Ich lasse den Text hier eine Stunde ruhen, und was passiert inzwischen? Weil der Sarrazin als Hetzredner grade etwas weniger herumkrakeelt, springt der Seehofer als dumpfer Haßredner ein. Keine Überraschung, aber immer wieder ekelhaft. Ja, Falladas letzter Roman ist bestens geeignet, um sich über die deutsche Leitkultur zu informieren.

Hans Fallada, berühmter Autor seit 1932, als er mit »Kleiner Mann – was nun?« einen Welterfolg hatte, blieb während der Naziherrschaft in Deutschland. Ein verfemter Autor, der sich – Wiglaf Droste hat es im Juli 2003 in einer Serie für diese Zeitung beschrieben – mehr schlecht als recht durchschlug und -schrieb, mit viel Alkohol, Morphium, Tragödien. Mal mußte er sich Dr. Goeb-bels vom Leib halten, dann war er als »gemeingefährlicher Geisteskranker« im Irrenhaus. Immer verzweifelt auf dem schmalen Grat arbeitend, den Nazis nicht ins Messer zu laufen und keine Naziliteratur zu schreiben. Es entstanden Werke, mit denen er nicht glücklich sein konnte.

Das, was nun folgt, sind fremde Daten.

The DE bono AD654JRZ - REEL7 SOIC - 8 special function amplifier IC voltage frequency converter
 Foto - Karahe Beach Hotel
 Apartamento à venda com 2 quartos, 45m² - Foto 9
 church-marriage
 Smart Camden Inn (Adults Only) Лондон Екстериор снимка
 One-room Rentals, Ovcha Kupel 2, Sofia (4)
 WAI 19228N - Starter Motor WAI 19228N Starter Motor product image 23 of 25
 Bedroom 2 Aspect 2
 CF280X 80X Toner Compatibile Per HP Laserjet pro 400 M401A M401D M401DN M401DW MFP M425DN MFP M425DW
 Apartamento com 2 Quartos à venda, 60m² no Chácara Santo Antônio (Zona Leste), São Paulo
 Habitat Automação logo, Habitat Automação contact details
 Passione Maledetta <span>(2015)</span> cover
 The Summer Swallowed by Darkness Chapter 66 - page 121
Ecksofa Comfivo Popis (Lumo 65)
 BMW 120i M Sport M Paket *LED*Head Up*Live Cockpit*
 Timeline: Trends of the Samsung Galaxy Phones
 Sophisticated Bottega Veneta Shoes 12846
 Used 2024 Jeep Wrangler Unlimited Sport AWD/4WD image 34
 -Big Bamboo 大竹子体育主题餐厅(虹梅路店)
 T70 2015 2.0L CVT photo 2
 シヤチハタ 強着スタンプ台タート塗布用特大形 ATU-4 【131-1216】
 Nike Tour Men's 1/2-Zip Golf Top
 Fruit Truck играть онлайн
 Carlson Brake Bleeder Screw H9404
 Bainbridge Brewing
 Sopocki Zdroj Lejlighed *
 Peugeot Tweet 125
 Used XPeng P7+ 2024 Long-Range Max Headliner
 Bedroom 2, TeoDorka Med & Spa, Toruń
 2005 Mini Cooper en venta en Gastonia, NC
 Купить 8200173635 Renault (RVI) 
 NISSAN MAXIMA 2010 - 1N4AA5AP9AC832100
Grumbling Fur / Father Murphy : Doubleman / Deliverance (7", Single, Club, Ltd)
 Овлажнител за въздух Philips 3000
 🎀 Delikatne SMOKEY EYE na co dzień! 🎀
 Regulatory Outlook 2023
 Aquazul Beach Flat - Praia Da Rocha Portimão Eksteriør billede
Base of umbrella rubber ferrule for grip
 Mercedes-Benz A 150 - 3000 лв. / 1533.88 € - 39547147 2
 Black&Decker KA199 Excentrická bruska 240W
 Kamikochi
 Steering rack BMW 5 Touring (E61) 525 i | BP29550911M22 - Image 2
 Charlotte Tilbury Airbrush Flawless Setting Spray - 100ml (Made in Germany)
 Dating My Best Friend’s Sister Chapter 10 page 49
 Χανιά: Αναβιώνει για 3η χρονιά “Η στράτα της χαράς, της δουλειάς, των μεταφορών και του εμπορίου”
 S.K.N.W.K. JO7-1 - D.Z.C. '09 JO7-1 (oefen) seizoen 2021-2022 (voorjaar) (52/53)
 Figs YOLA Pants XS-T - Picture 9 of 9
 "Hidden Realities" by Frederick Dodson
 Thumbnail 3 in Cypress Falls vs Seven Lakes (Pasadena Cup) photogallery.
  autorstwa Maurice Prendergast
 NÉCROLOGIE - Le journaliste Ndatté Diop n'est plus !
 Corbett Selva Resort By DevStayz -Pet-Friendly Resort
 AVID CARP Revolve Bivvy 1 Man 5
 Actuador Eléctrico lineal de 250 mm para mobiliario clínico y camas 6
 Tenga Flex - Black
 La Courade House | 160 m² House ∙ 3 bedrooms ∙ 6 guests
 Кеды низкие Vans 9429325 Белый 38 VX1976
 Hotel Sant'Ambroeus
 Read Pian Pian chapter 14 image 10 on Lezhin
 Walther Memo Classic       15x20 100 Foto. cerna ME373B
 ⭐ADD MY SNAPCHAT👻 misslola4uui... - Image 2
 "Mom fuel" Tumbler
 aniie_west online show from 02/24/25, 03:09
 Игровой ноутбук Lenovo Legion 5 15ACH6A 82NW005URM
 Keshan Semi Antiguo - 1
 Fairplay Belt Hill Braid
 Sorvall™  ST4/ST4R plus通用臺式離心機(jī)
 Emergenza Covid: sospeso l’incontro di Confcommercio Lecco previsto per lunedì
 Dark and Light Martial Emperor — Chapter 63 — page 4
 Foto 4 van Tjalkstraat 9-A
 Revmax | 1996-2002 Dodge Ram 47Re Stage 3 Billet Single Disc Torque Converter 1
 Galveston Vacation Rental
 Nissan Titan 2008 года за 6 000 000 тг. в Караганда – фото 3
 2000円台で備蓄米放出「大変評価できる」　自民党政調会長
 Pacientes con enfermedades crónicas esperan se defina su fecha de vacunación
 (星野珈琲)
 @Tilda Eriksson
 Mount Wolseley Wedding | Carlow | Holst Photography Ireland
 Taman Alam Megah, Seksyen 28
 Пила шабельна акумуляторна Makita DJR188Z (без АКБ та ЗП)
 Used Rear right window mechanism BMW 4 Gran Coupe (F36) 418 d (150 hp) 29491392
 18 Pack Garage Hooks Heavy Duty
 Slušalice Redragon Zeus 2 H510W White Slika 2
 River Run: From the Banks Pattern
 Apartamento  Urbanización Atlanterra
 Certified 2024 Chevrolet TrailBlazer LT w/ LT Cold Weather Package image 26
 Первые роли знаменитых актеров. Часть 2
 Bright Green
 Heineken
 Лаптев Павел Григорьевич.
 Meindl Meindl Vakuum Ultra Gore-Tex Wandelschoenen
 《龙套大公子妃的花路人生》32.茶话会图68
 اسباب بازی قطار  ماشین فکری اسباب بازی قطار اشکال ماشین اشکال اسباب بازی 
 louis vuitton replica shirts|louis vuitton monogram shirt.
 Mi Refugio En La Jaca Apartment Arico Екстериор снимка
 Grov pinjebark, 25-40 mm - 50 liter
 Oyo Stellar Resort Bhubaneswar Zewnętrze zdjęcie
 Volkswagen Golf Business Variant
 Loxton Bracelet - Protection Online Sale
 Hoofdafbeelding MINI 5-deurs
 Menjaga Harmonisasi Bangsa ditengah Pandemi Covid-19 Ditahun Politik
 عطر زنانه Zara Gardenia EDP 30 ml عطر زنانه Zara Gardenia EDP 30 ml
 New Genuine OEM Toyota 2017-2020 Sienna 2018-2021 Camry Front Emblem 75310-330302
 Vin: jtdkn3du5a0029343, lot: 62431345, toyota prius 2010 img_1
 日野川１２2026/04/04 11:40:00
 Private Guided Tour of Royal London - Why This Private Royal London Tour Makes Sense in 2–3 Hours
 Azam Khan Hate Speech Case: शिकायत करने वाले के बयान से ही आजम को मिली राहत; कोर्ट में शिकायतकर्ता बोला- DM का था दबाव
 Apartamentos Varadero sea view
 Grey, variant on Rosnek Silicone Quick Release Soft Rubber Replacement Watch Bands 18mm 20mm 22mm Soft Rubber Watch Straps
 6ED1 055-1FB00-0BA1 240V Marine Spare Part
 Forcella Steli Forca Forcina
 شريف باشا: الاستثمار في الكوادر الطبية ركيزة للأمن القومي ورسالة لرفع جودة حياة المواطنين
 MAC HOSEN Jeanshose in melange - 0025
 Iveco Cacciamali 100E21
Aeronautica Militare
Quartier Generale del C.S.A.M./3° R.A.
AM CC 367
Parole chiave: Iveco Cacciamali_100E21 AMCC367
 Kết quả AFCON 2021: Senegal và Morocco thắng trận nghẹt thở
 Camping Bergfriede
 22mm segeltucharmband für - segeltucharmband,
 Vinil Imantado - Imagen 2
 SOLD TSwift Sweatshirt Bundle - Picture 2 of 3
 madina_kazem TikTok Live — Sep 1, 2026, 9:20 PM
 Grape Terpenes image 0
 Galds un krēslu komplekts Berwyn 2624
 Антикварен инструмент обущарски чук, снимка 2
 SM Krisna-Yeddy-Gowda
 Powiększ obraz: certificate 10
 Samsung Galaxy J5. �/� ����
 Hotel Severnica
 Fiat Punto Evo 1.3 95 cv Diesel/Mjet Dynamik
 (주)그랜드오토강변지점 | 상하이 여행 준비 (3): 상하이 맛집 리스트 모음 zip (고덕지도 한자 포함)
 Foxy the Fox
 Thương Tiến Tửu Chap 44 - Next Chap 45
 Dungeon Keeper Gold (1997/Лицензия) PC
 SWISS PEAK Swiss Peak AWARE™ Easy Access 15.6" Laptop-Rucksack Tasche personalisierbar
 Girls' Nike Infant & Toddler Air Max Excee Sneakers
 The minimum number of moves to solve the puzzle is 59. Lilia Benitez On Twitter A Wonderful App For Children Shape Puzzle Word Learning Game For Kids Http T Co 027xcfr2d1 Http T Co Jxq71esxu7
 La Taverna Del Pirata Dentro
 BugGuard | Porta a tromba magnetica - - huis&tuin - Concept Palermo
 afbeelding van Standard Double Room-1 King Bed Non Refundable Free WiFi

Im Herbst 1946 konnte Fallada abrechnen. 668 Seiten, geschrieben in vier Wochen oder, wohl besser gesagt, reingehämmert, rausgekotzt; als hätte er geahnt, daß es seine letzte Chance war, es denen heimzuzahlen. Man spürt, daß er all seine Erfahrungen und seinen Haß reingepackt hat. Johannes R. Becher hatte ihm die Unterlagen über den Fall der Eheleute Hampel gegeben, die 1943 hingerichtet wurden, nachdem sie zwei Jahre lang Postkarten in Berlin ausgelegt hatten. Einige sind im Anhang abgebildet, auf der von der Gestapo als Nr. 176 registrierten heißt es: »Freie Presse! Fort mit dem Hitler Verreckungs System! Der gemeine Soldat Hitler und seine Bande stürzen uns in den Abgrund! Diese Hitler Göring Himmler Goebbels Bande ist in unser Deutschland nur Todes Raum zu gewähren!«

Um sein Ehepaar Quangel baut Fallada ein vollständiges Berliner Alltagsbild, macht einen kompletten Schwenk vom Mietshaus, zu dessen Bewohnern auch eine alte Jüdin und SS-Männer gehören, auf die Straßen. Sein Personal reicht vom Arbeiter Quangel über die kleine Nutte bis zur kleinen krakeelenden Nazigröße, die den Kriminalkommissaren vorgesetzt wurde. Eine Versammlung von Spitzeln, miesen Typen, verschlagenen, tretenden, kuschenden, herzlosen Drecksäcken. Eine überwältigende Trostlosigkeit, von der die wenigen Personen, die gegen das Pack sind, erdrückt werden. Oder wie Tucholsky über einen anderen Fallada-Roman schrieb, das ist »so unheimlich echt, daß es einem graut«. Wer glaubte, ein besseres Bild vom Unterschichten-Berlin haben zu können, wird es nuancierter sehen.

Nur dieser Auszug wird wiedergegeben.